Lawinen und Kunststoffe besser verstehen

Dr. Hans Messer Stiftungspreis würdigt zwei Forschende der TU Darmstadt

24.11.2023 von

Die Chemikerin Dr. Kristina Zentel und der Maschinenbau-Ingenieur Dr.-Ing. Philipp Rosendahl von der TU Darmstadt erhalten den Dr. Hans Messer Stiftungspreis 2023, der mit jeweils 50.000 Euro dotiert ist. Zentel will die Kunststoffherstellung nachhaltiger gestalten, Rosendahl entwickelt Modelle für die Lawinenvorhersage.

Der diesjährige Dr. Hans Messer Stiftungspreis würdigt zwei Forschende, die auf ganz unterschiedlichen Gebieten Experimente und Modellrechnungen kombinieren. Dr. Kristina Zentel (32), Habilitandin am Ernst-Berl-Institut für Technische und Makromolekulare Chemie der TU Darmstadt, erforscht Prozesse einer nachhaltigeren Kunststoffherstellung. Dr.-Ing. Philipp Rosendahl (34), Post-Doktorand am Institut für Statik und Konstruktion der TU, analysiert Schnee und entwickelt Modelle für die Lawinenvorhersage. Sowohl Zentel als auch Rosendahl entschlüsseln grundlegende Phänomene, um daraus praktische Anwendungen abzuleiten.

„Wir werden auch zukünftig nicht auf Kunststoffe verzichten können, deshalb muss ihre Herstellung nachhaltiger werden“, sagt Zentel. Die von ihr entworfenen neuartigen Prozesse der Kunststoffherstellung laufen bei niedrigeren Temperaturen und Drücken ab als etablierte Verfahren, außerdem in Wasser als grünem Lösungsmittel und mit ungewöhnlichen Ausgangssubstanzen. Im ständigen Wechselspiel aus Laborexperimenten und Modellrechnungen am Computer optimiert Zentel die Prozessparameter und stimmt sie auf die Eigenschaften der Kunststoffe ab. Ihre Forschung ist anwendungsnah, denn Zentel beschäftigt sich vorrangig mit Massenkunststoffen wie Polyethylen und kooperiert mit der Chemieindustrie.

Von praktischer Bedeutung sind auch Rosendahls Arbeiten zu sogenannten Antirissen im Schnee. Solche Risse, die schon eine einzige Person zum Beispiel beim Skifahren auslösen kann, breiten sich im schlimmsten Fall in Sekundenschnelle über einen ganzen Hang aus und führen zu mächtigen Schneebrettlawinen. Eine von Rosendahl entwickelte Open-source-Software macht solche Lawinen vorhersagbar. „Wir untersuchen Schnee wie einen Konstruktionswerkstoff und ermitteln Kenngrößen, die in unser mathematisches Modell einfließen“, erklärt Rosendahl. Um sein Vorhersage-Tool weiter zu verbessern, führt er sowohl Laborversuche mit gezüchteten Schneeproben sowie Feldversuche mit echtem Schnee durch.

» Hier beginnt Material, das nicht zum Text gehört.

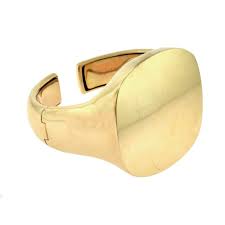 maison martin margiela large 18k rose gold signet style cuff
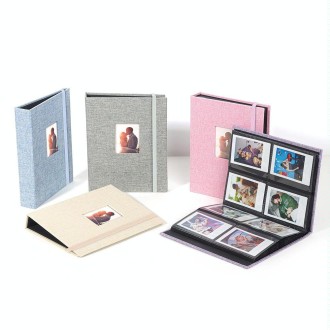 3-inch 208 Pockets Cotton Linen Photo Album Photocard Holder(Pink)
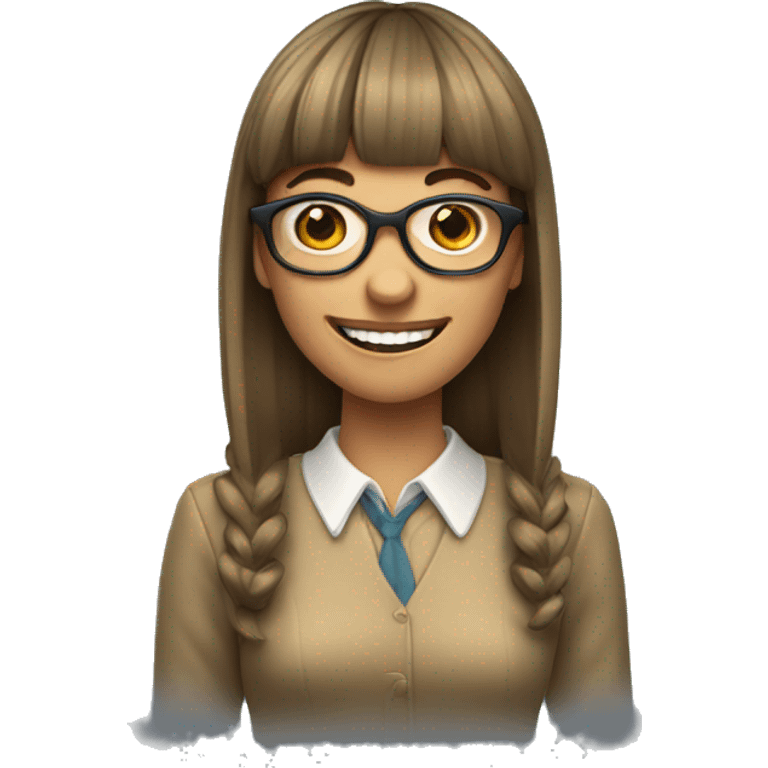 Woman with bangs doing a big toothy nerdy smile emoji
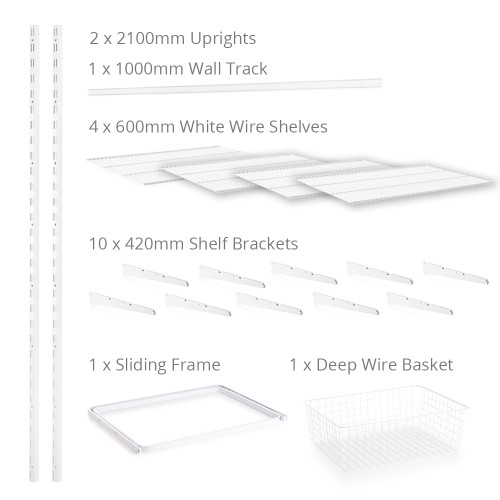 Flexx White Wire 4 Shelf System with Basket- H2100mm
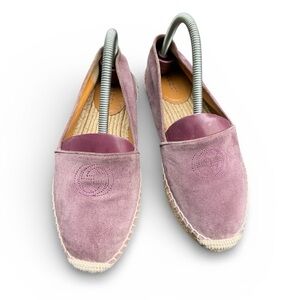 GUCCI Lavender Purple Suede Espadrilles Flat Loafer Size 35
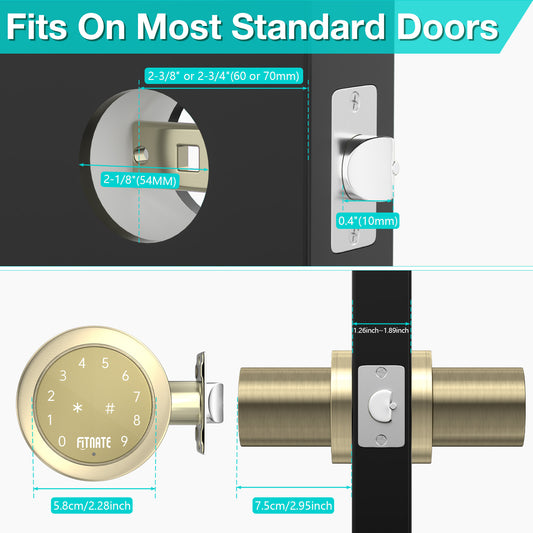 FITNATE 395 Touchscreen Keypad Door Knob, Bronze Gold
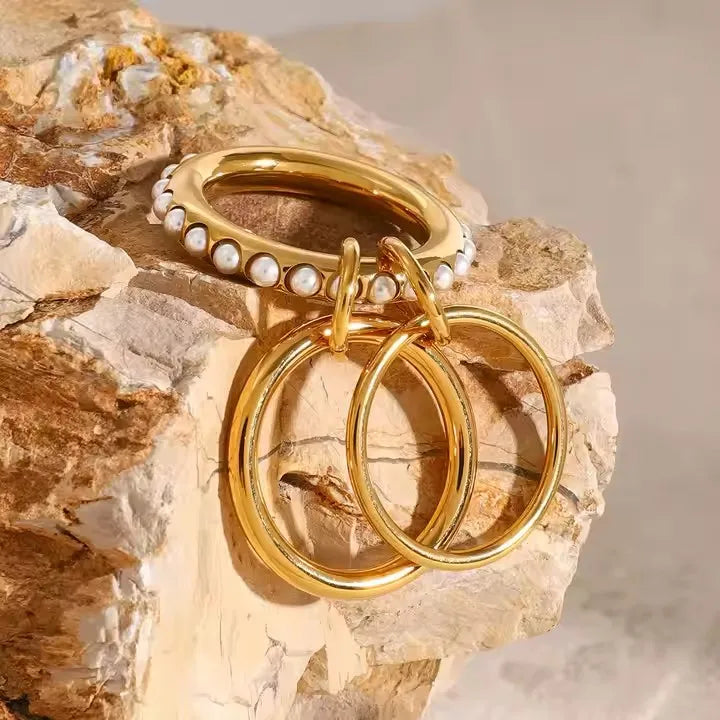 Fashion Statement 18k Stainless Steel Three-Band Design Steel and Gold Triple Rings for WomenStatement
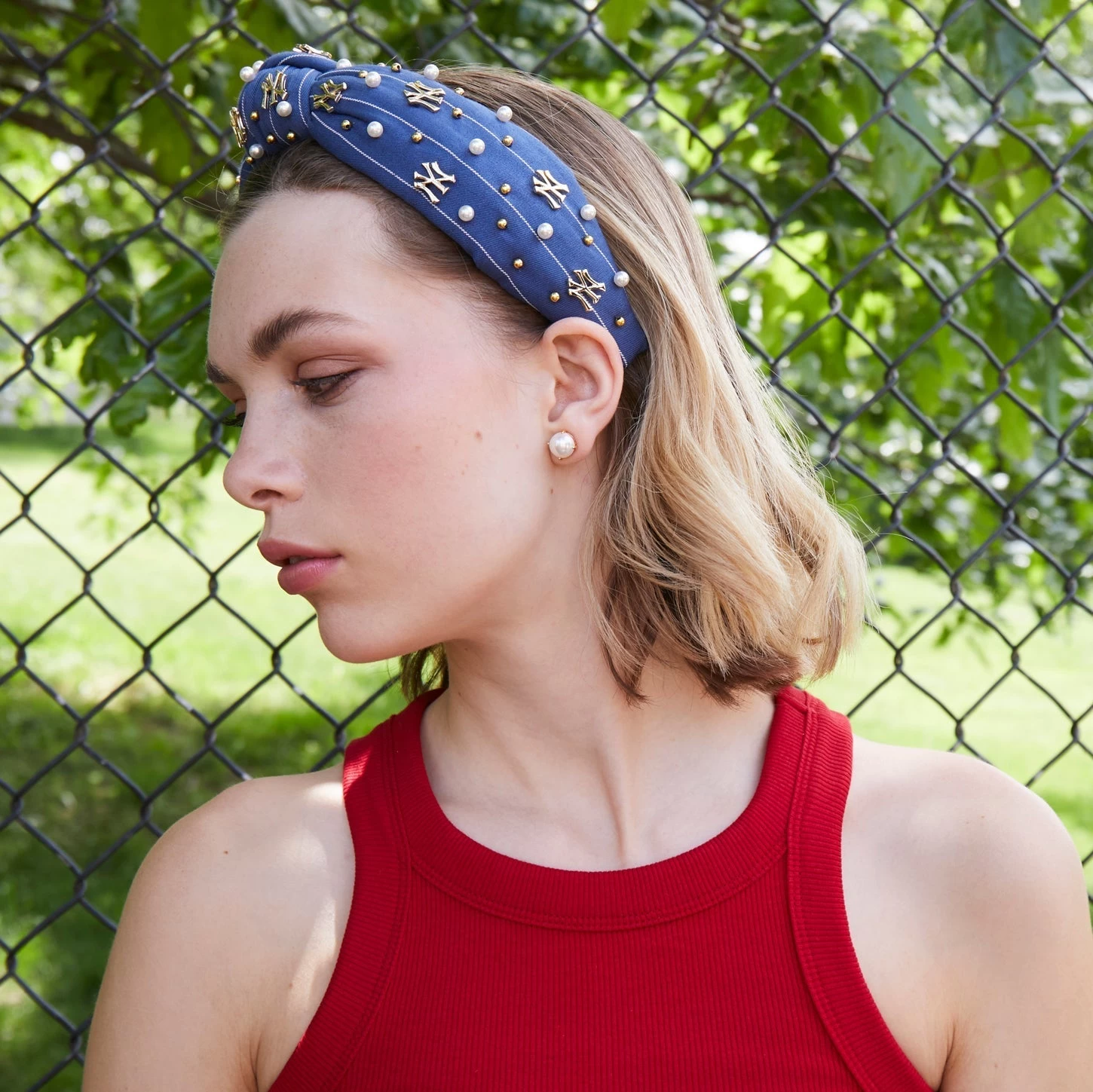 NAVY NY YANKEES EMBELLISHED KNOTTED HEADBAND - Image 6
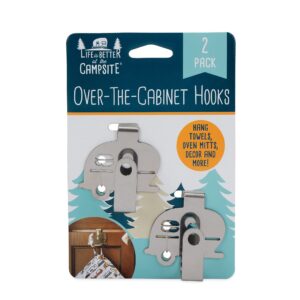 Camco Life is Better at The Campsite Over-The-Cabinet Hooks | Convenient to Use and Fits 3/4-inch Thick Cabinet Doors | Made of Stainless Steel | 2-Pack (53382), Silver, Small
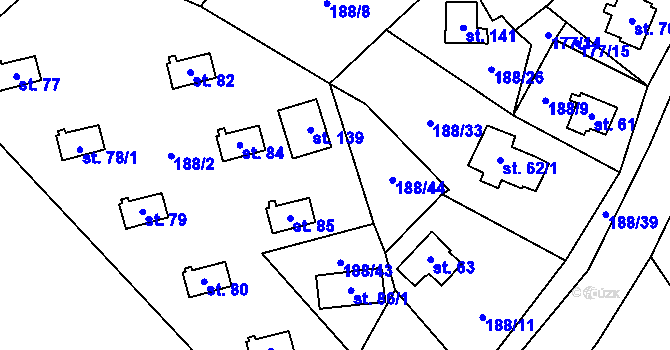 Parcela st. 139 v KÚ Boňkov, Katastrální mapa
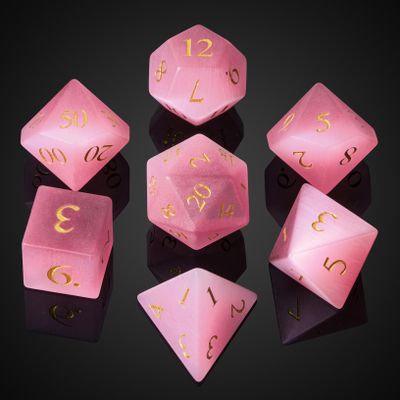 UDIXI Natural Gemstone Dice Set, 7PCS Crystal Stone DND Dice for Tabletop Games(Pink Cat's Eye)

Zentel und Rosendahl haben an der TU Darmstadt studiert, hier ihre Doktorarbeiten angefertigt und leiten jetzt jeweils eigene Forschungsgruppen an der TU. Beide werden den überwiegenden Teil des Preisgeldes in neue Geräte investieren. Zentel möchte eine Hochdruckpumpe und ein Analysensystem anschaffen, das die Größe von Kunststoffpartikeln per Lichtstreuung bestimmt. Rosendahl wird eine von seinem Team entworfene tragbare Apparatur bauen, die gleichzeitig Druck- und Scherbelastungen in Schneeproben bestimmt.

Dr. Kristina Zentel im Porträt

Die Auszeichnung

Der mit 50.000 Euro dotierte Preis der Dr. Hans Messer Stiftung wird jährlich verliehen. Er fördert die Forschung und Lehre von Nachwuchswissenschaftlerinnen und -wissenschaftlern an der TU Darmstadt. Gewürdigt werden herausragende Leistungen in den Naturwissenschaften, Ingenieurwissenschaften sowie Wirtschafts-, Sozial und Geisteswissenschaften.

Die Dr. Hans Messer Stiftung fördert bundesweit Aus- und Weiterbildung sowie Wissenschaft und Forschung. Die Stiftung wurde von Dr. Hans Messer, 25 Jahre nach dem Tod seines Vaters Adolf Messer (1878-1954), im Jahr 1978 ins Leben gerufen und ist seit 1979 als gemeinnützige Stiftung anerkannt. Unter dem Vorsitz von Dr. Hans Messer wurde auch der Stiftungspreis an der TU Darmstadt ins Leben gerufen.